Kikuchi’s Disease: A Rare Cause of Fever and Lymphadenopathy

Meeting: Hospital Medicine 2012, April 1-4, San Diego, Calif.

Abstract number: 97814

Case Presentation:

A 29–year–old woman presented to the hospital with fever, chills, and bilateral neck swelling for 1 week. There was no history of recent travel, sick contacts or exposure to tuberculosis. On presentation vital signs revealed a temperature of 103.2 F and a pulse of 113. Physical exam was unremarkable except for bilateral symmetrical cervical, pre–auricular, post–auricular, submandibular, submental and axillary lymphadenopathy. Initial laboratory studies were normal except for the presence of microcytic anemia. Hemolytic work–up and hemoglobin electrophoresis were negative. HIV, EBV monospot, Toxoplasma and CMV serologies were negative. Peripheral blood flow cytometry revealed no monoclonal B cell population. CT scans of the neck, chest, and abdomen/pelvis with intravenous contrast revealed diffuse enhancing bilateral lymphadenopathy involving the neck and the axilla. Antinuclear antibody and anti–double stranded DNA were negative. She underwent excisional biopsy of the left cervical lymph node. The pathology revealed lymphoid tissue with necrotizing histiocytic inflammation. In the context of a negative ANA and flow cytometry, the results were suggestive of Kikuchi’s disease. On a one month follow–up visit, she was afebrile and had minimal residual lymphadenopathy. Serologic testing for human herpes virus 6, human herpes virus 8, and respiratory virus panel were negative except for an elevated parvovirus IgG level. On a 3 month follow–up visit, she continued to be afebrile and there was complete resolution of lymphadenopathy and microcytic anemia.

Discussion:

Kikuchi’s disease is a rare and benign condition that has been mainly described in women. It can mimic serious conditions like lymphoproliferative disorders, systemic lupus erthematosus and tuberculosis lymphadenitis.
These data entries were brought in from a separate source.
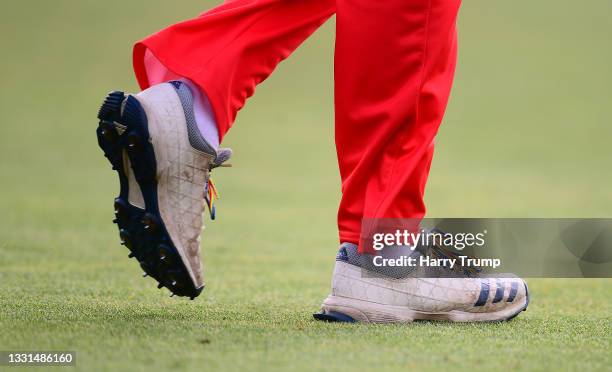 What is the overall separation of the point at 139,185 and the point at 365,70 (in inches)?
14.0

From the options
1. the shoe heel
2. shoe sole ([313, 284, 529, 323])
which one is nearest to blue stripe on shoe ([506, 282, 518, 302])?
shoe sole ([313, 284, 529, 323])

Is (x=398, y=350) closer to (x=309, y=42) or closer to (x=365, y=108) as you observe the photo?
(x=365, y=108)

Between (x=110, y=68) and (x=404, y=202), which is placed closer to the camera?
(x=404, y=202)

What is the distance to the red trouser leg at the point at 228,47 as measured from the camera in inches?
51.7

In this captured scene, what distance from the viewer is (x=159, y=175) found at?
1.25 metres

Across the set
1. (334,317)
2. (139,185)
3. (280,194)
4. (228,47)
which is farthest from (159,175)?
(280,194)

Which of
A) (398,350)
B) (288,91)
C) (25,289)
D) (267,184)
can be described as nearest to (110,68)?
(288,91)

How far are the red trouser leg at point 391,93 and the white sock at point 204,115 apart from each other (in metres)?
0.19

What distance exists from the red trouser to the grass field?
0.21 metres

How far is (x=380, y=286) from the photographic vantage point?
135 centimetres

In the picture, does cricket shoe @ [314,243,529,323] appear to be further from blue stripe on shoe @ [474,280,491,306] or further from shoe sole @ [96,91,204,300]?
shoe sole @ [96,91,204,300]

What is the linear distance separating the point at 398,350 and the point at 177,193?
38 centimetres

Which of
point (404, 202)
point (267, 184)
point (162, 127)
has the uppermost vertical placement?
point (162, 127)

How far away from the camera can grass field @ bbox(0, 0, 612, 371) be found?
1.11 metres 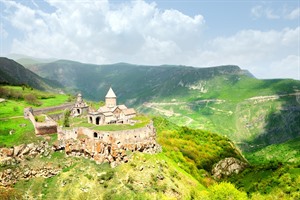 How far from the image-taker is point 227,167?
3684 inches

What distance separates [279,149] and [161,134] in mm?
65359

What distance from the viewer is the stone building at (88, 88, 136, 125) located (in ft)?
240

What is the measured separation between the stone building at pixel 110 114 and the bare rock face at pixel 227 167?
102 ft

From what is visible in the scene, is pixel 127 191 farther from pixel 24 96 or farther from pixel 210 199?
pixel 24 96

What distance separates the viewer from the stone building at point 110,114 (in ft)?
240

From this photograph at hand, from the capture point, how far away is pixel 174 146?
89312 millimetres

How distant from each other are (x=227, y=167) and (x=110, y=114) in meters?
41.8

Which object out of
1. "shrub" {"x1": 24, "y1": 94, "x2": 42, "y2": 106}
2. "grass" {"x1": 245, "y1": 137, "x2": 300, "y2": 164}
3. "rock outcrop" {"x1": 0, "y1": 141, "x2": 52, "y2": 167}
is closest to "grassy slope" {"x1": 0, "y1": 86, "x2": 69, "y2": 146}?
"rock outcrop" {"x1": 0, "y1": 141, "x2": 52, "y2": 167}

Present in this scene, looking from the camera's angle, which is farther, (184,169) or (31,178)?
(184,169)

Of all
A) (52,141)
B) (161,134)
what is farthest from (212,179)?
(52,141)

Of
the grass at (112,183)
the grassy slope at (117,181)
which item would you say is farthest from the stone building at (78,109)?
the grass at (112,183)

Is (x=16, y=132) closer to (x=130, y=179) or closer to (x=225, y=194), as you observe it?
(x=130, y=179)

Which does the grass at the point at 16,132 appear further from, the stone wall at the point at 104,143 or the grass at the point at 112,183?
the grass at the point at 112,183

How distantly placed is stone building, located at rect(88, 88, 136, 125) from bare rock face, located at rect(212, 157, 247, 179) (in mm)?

Presenting symptoms include fever and cervical lymphadenopathy. The pathogenesis is not clear. Lymph node biopsy is the definitive way to make the diagnosis. Necrotic foci can be seen on gross examination. Paracortical foci with histiocytic infiltrate are seen on microscopic examination. Treatment is generally supportive. The signs and symptoms typically resolve in 1 to 4 months. Kikuchi’s disease is self–limited but the patients should be followed for a few years since recurrence is common and some of the patients can develop systemic lupus erythematosus.

Conclusions:

Although Kikuchi’s disease is a rare entity, we should consider it in the differential diagnosis when a young woman presents with fever and cervical lymphadenopathy. Accurate diagnosis of this condition is essential in preventing unnecessary emotional and mental distress associated with labeling a patient as having a more serious condition such as lymphoma or systemic lupus erythematosus.

To cite this abstract:

Vivekanandarajah A, Krishnarasa B, Gupta S. Kikuchi’s Disease: A Rare Cause of Fever and Lymphadenopathy. Abstract published at Hospital Medicine 2012, April 1-4, San Diego, Calif. Abstract 97814. Journal of Hospital Medicine. 2012; 7 (suppl 2). https://www.shmabstracts.com/abstract/kikuchis-disease-a-rare-cause-of-fever-and-lymphadenopathy/. Accessed November 22, 2019.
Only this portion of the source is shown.